++++ DATA RECORDS

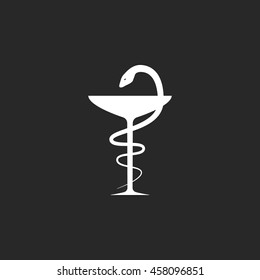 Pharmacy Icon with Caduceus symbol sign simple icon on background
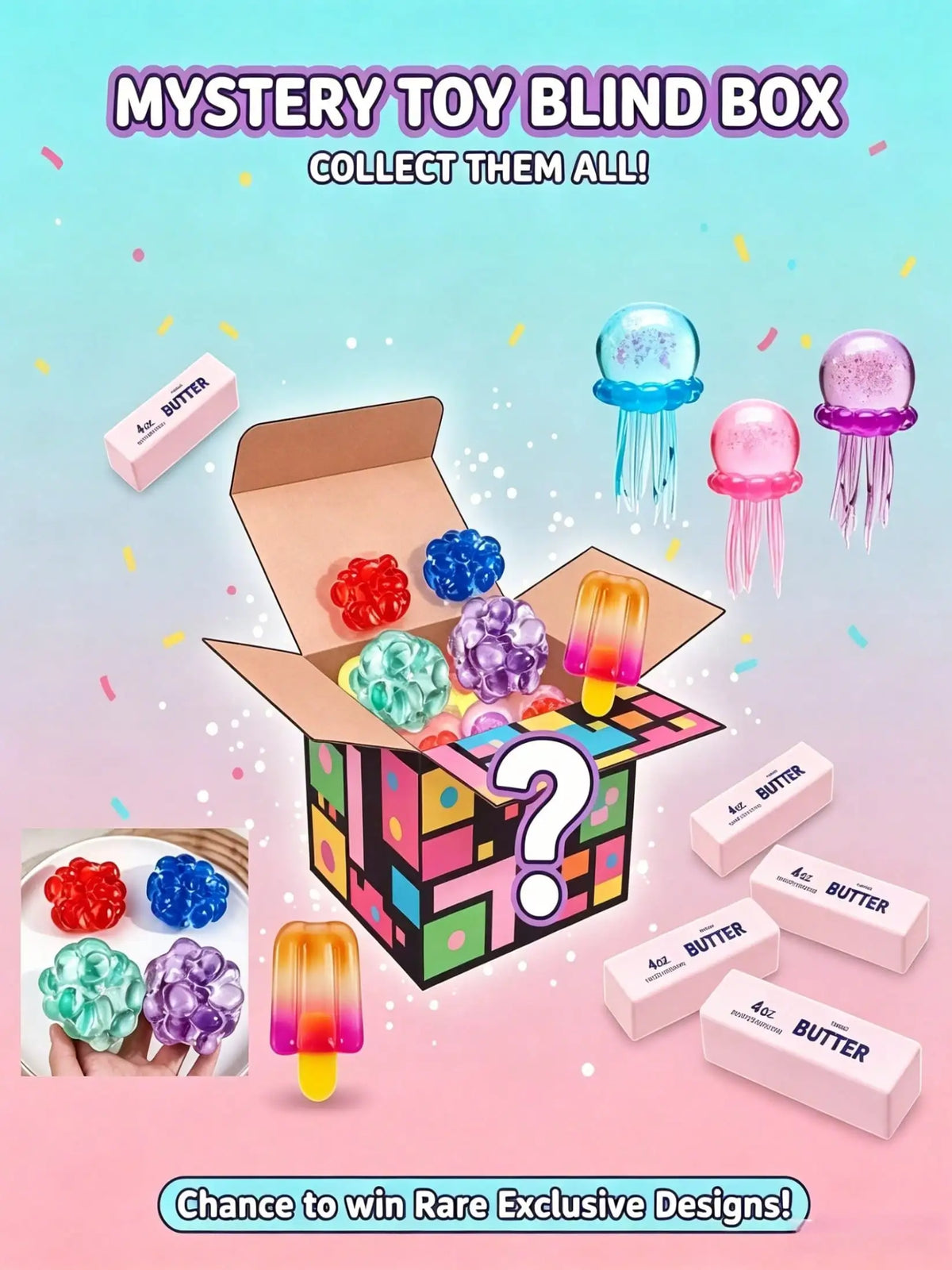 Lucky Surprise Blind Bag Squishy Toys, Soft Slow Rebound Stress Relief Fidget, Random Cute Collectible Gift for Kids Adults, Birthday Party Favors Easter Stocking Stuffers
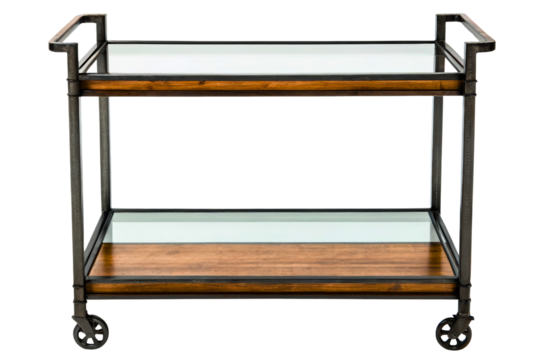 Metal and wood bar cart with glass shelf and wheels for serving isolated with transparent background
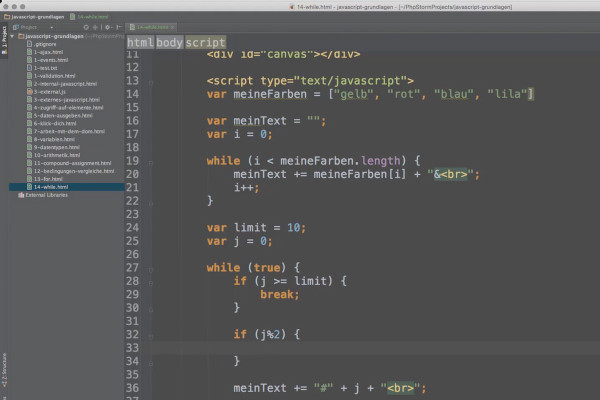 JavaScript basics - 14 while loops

++++++++
++++ DATA RECORDS

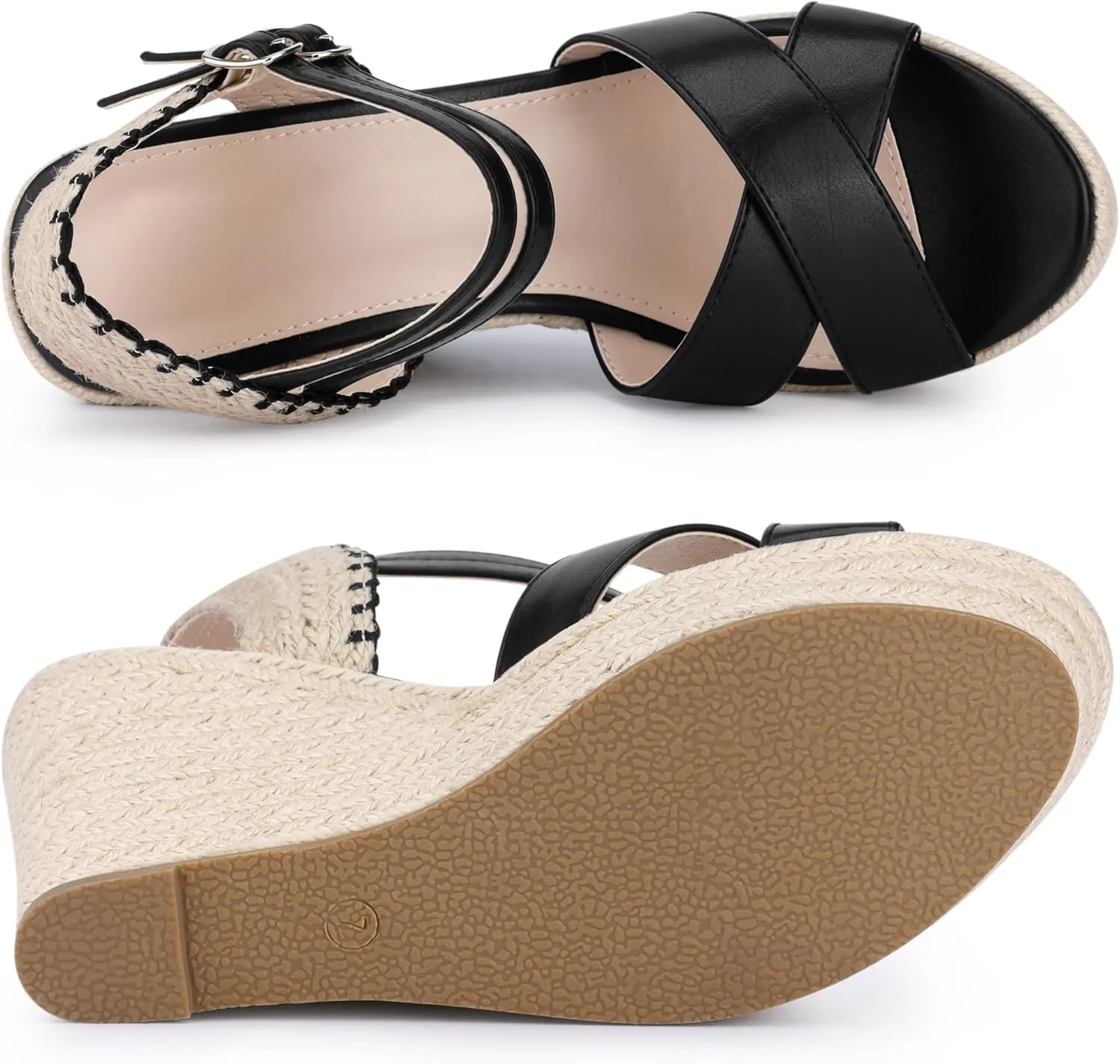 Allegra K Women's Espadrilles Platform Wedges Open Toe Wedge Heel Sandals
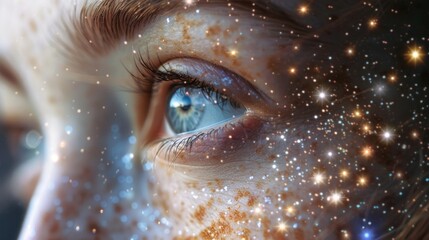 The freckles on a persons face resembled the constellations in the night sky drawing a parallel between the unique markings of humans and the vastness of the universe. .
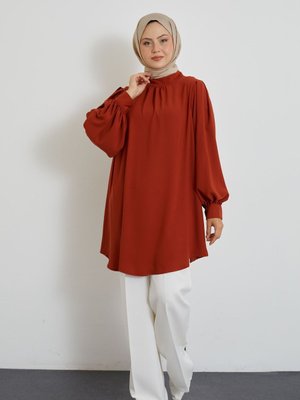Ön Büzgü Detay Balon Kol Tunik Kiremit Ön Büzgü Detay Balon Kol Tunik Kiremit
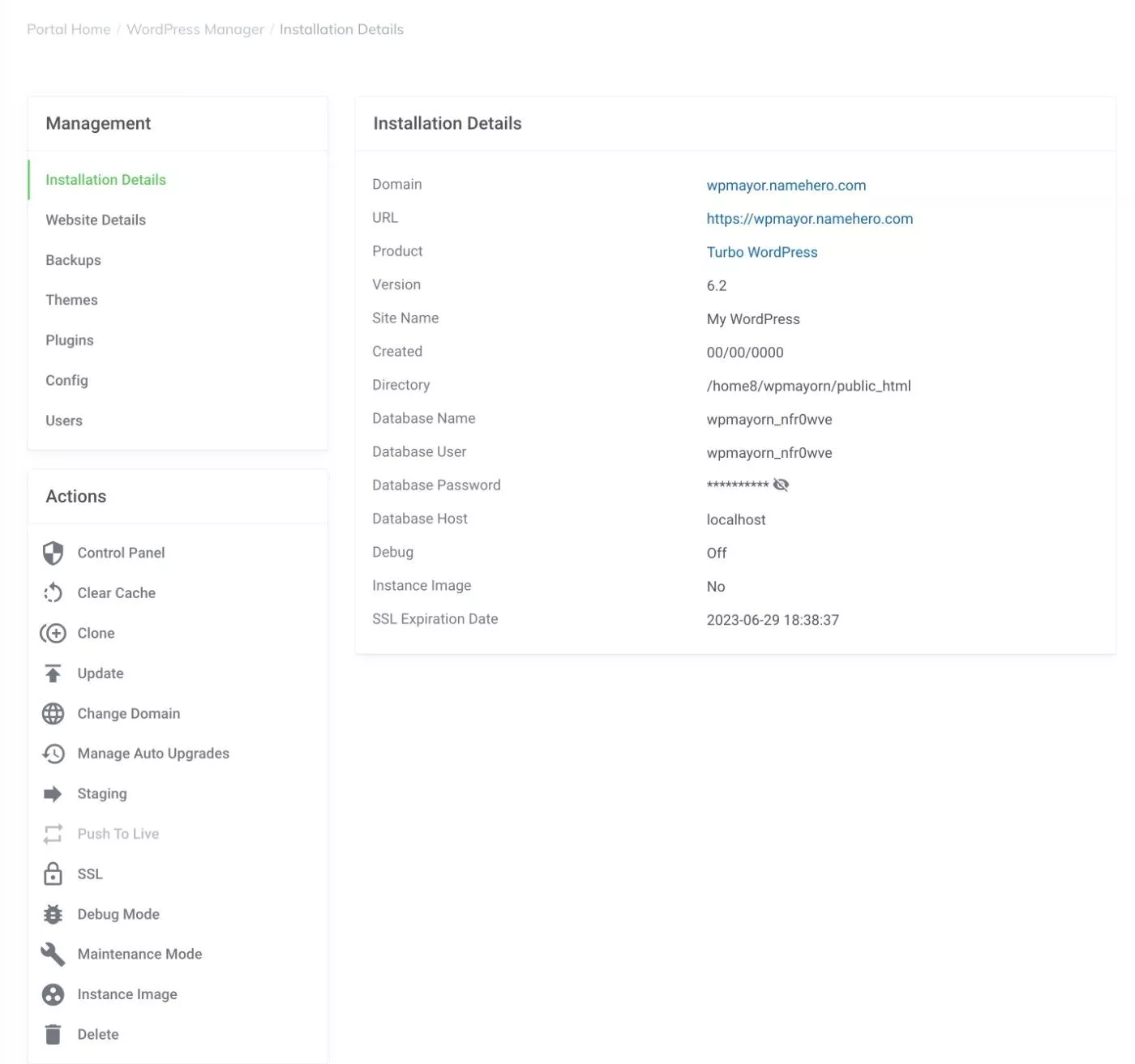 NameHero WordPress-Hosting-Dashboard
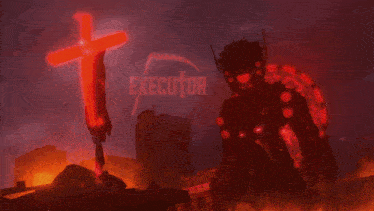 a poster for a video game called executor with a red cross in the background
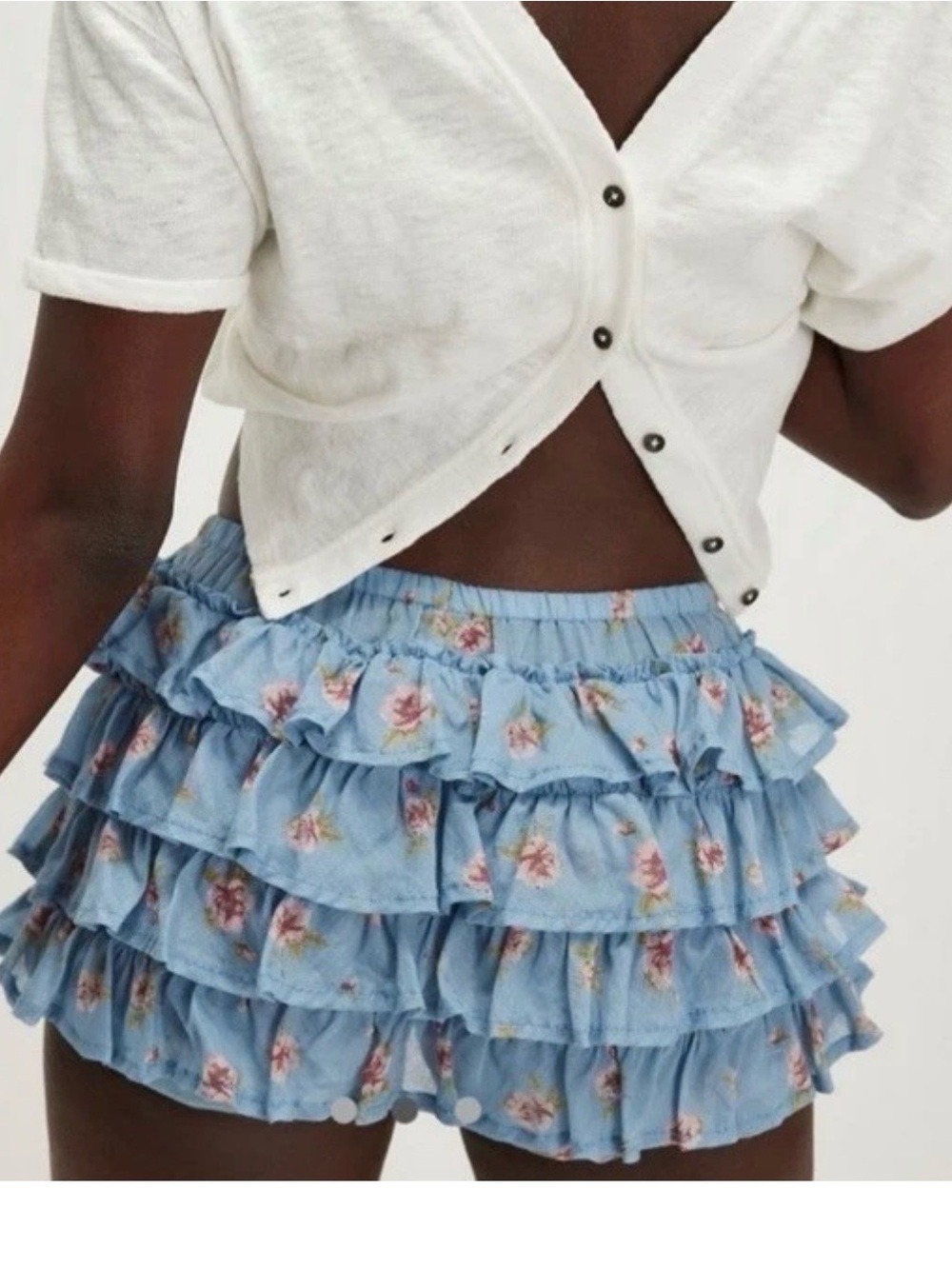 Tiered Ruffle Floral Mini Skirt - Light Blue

++++++++

WORK REQUIRED
Reproduce, exactly and only, the lines of the records above starting at the line with "Pharmacy Icon with" and ending at the line with "JavaScript basics - 14 while loops", both included. Leave every picture out.

EXPECTED ANSWER
 Pharmacy Icon with Caduceus symbol sign simple icon on background
 Lucky Surprise Blind Bag Squishy Toys, Soft Slow Rebound Stress Relief Fidget, Random Cute Collectible Gift for Kids Adults, Birthday Party Favors Easter Stocking Stuffers
 Metal and wood bar cart with glass shelf and wheels for serving isolated with transparent background
 JavaScript basics - 14 while loops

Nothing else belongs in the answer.